=== PROVIDED DATA ===

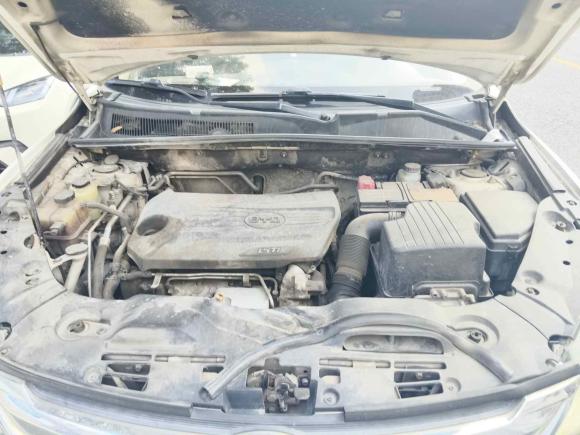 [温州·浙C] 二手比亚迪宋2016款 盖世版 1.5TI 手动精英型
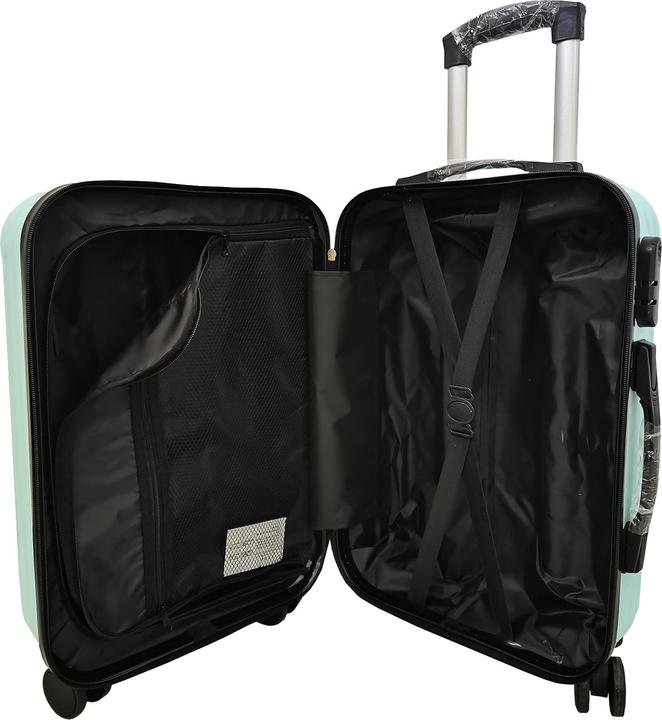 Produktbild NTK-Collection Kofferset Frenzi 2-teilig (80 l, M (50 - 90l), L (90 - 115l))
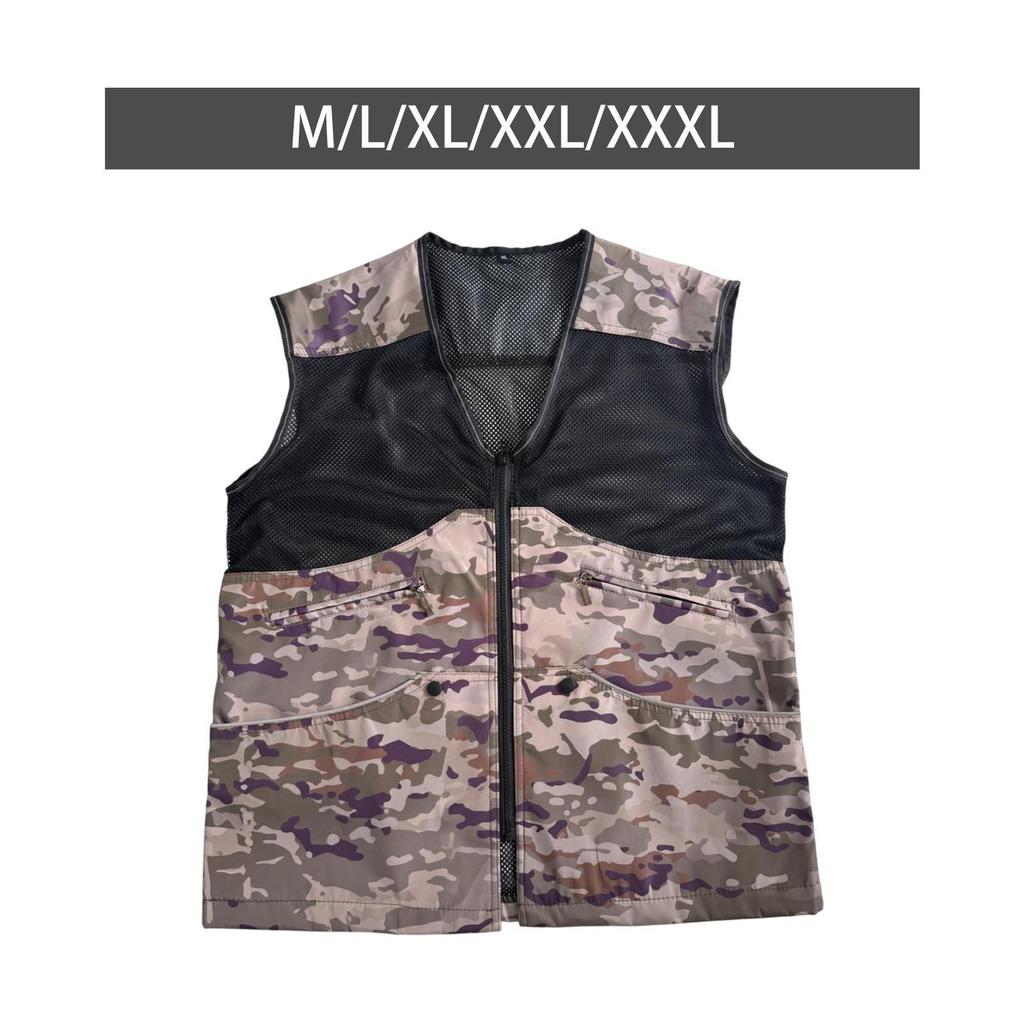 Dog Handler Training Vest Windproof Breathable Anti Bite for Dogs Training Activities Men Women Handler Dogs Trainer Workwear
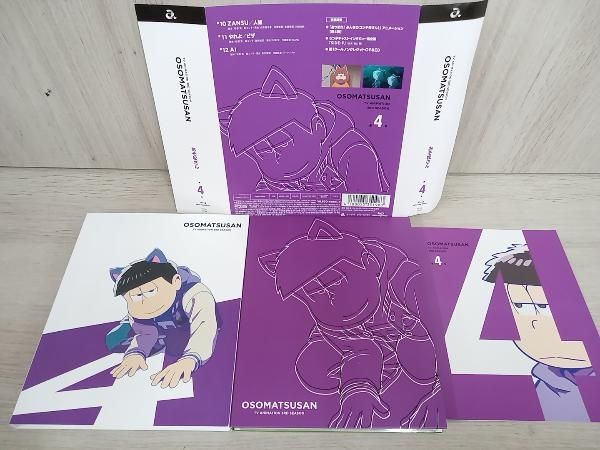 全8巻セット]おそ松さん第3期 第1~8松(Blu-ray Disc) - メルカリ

--

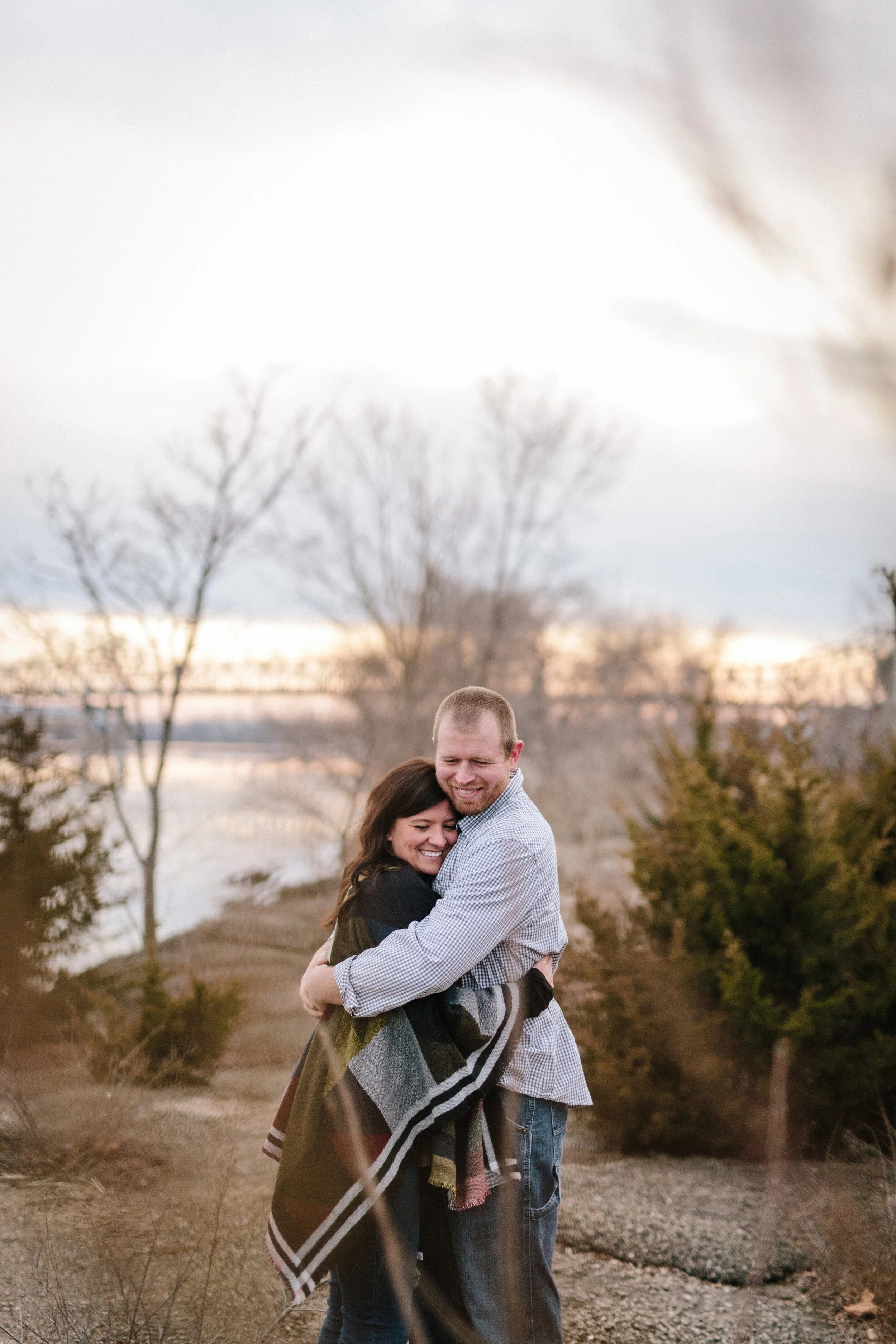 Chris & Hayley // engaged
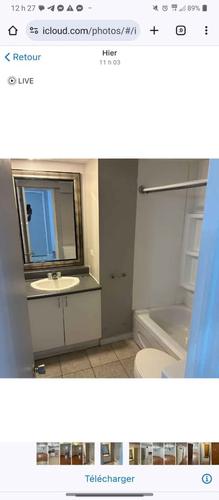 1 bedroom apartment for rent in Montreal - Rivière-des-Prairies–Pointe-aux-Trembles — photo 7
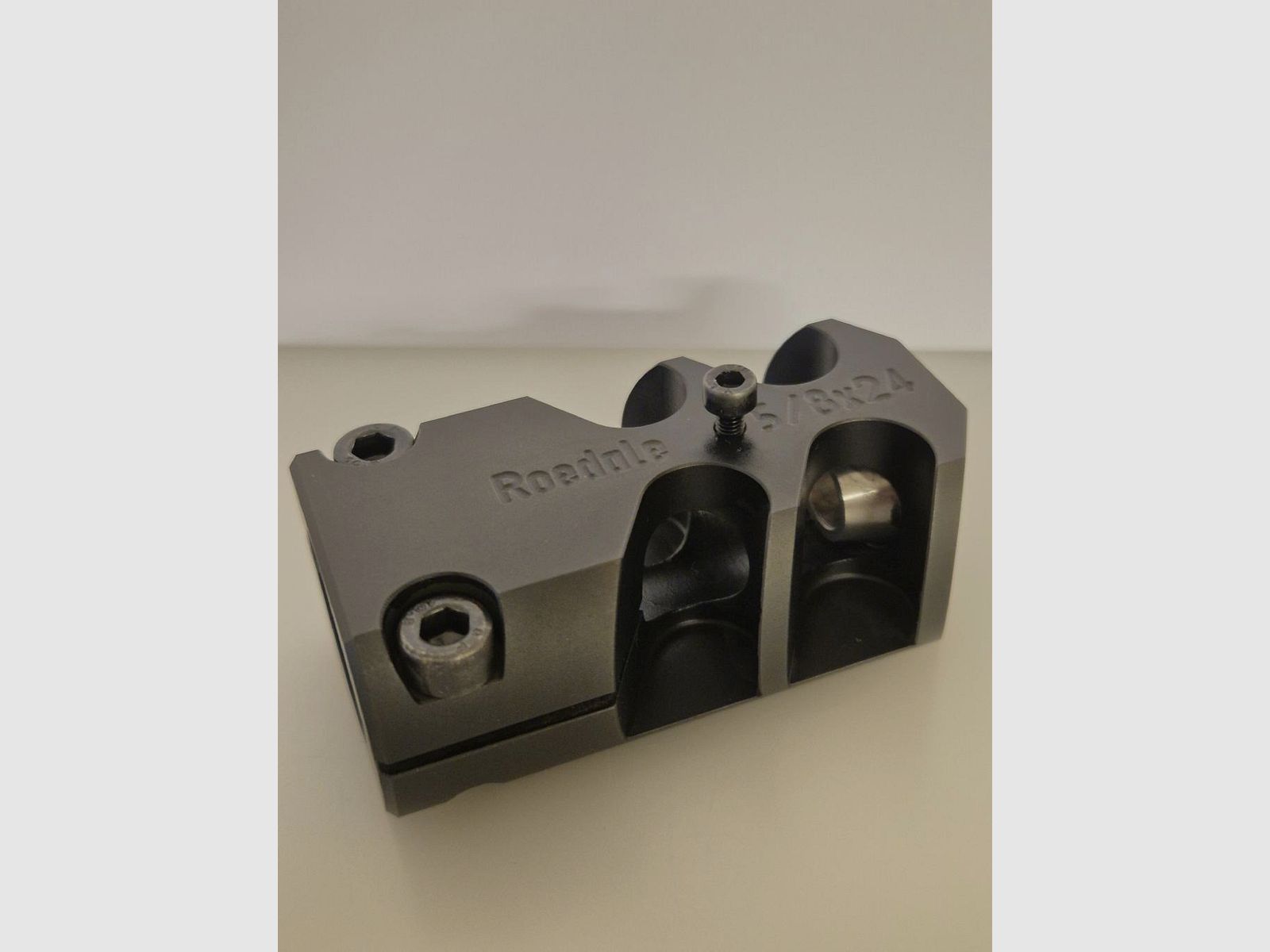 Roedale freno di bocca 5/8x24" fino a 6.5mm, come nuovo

--

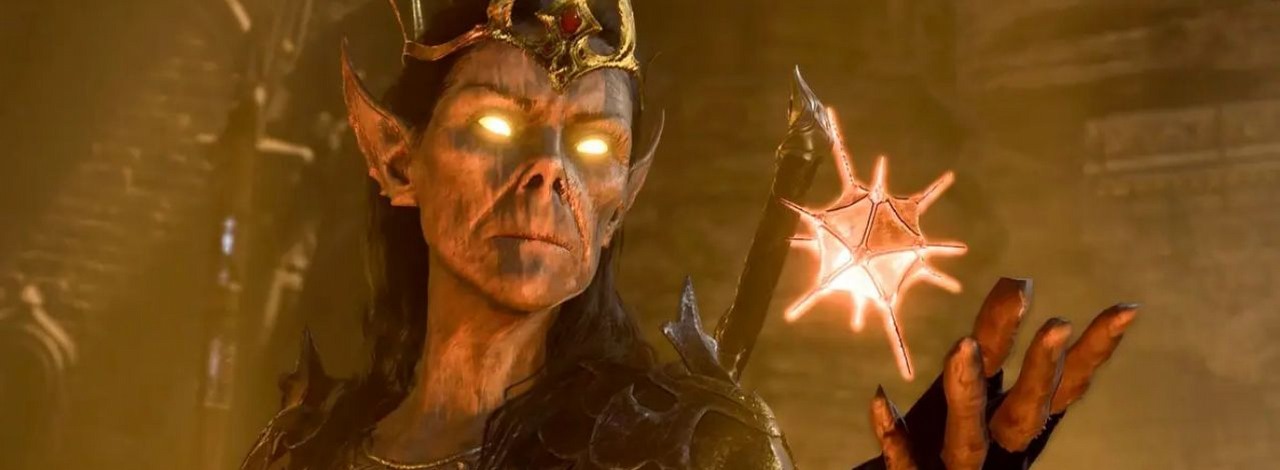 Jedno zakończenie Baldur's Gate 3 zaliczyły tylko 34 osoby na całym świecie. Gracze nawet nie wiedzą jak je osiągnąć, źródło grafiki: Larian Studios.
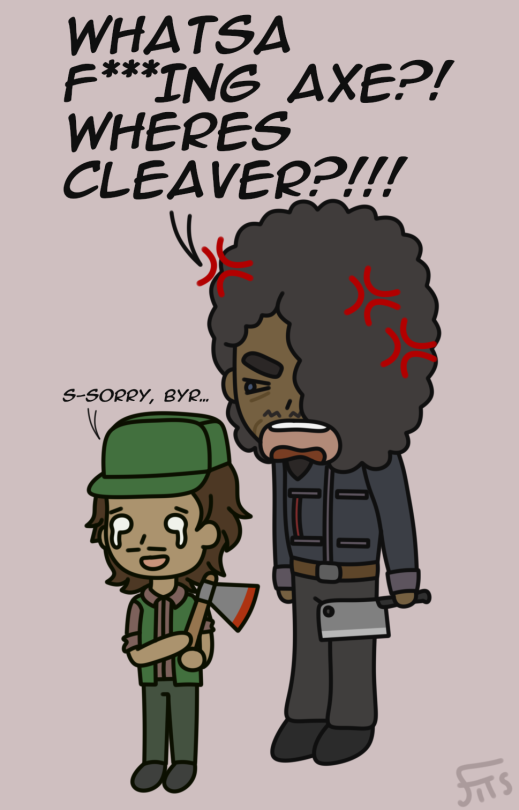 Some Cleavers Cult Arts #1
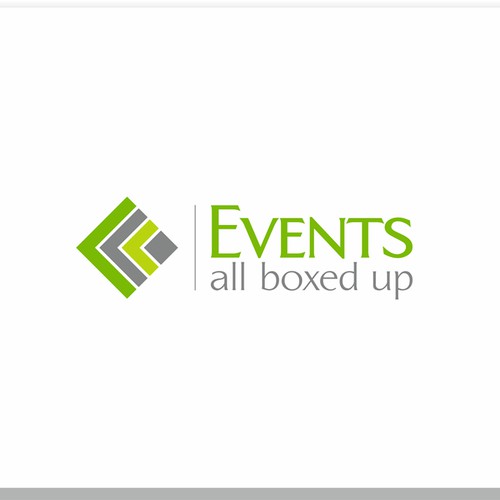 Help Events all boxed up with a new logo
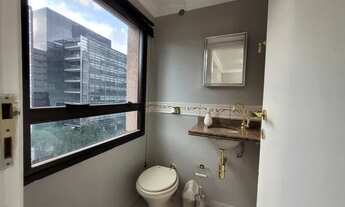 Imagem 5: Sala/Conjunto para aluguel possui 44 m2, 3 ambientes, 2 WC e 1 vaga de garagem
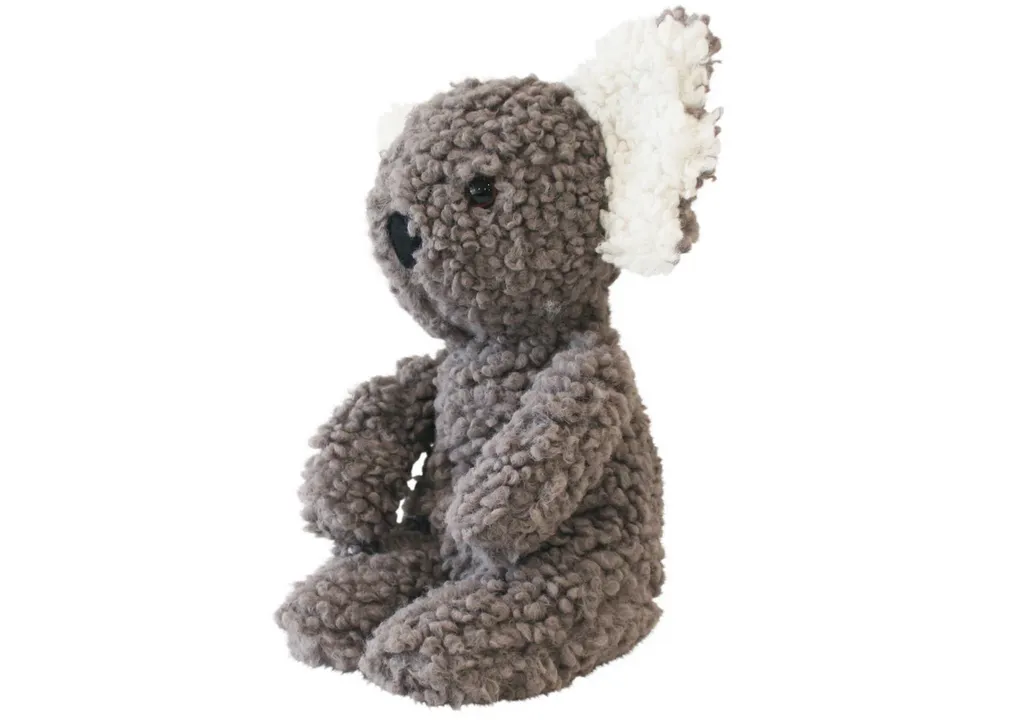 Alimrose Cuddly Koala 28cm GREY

=== EXERCISE OBJECTIVE ===
Repeat only the stretch of data above that runs from the line with "[温州·浙C] 二手比亚迪宋2016款 盖世版 1.5TI 手动精英型" to the line with "全8巻セット]おそ松さん第3期 第1~8松(Blu-ray Disc) - メルカリ". Keep both end lines; exclude pictures.

=== WRITTEN RESPONSE ===
 [温州·浙C] 二手比亚迪宋2016款 盖世版 1.5TI 手动精英型
 Produktbild NTK-Collection Kofferset Frenzi 2-teilig (80 l, M (50 - 90l), L (90 - 115l))
 Dog Handler Training Vest Windproof Breathable Anti Bite for Dogs Training Activities Men Women Handler Dogs Trainer Workwear
 全8巻セット]おそ松さん第3期 第1~8松(Blu-ray Disc) - メルカリ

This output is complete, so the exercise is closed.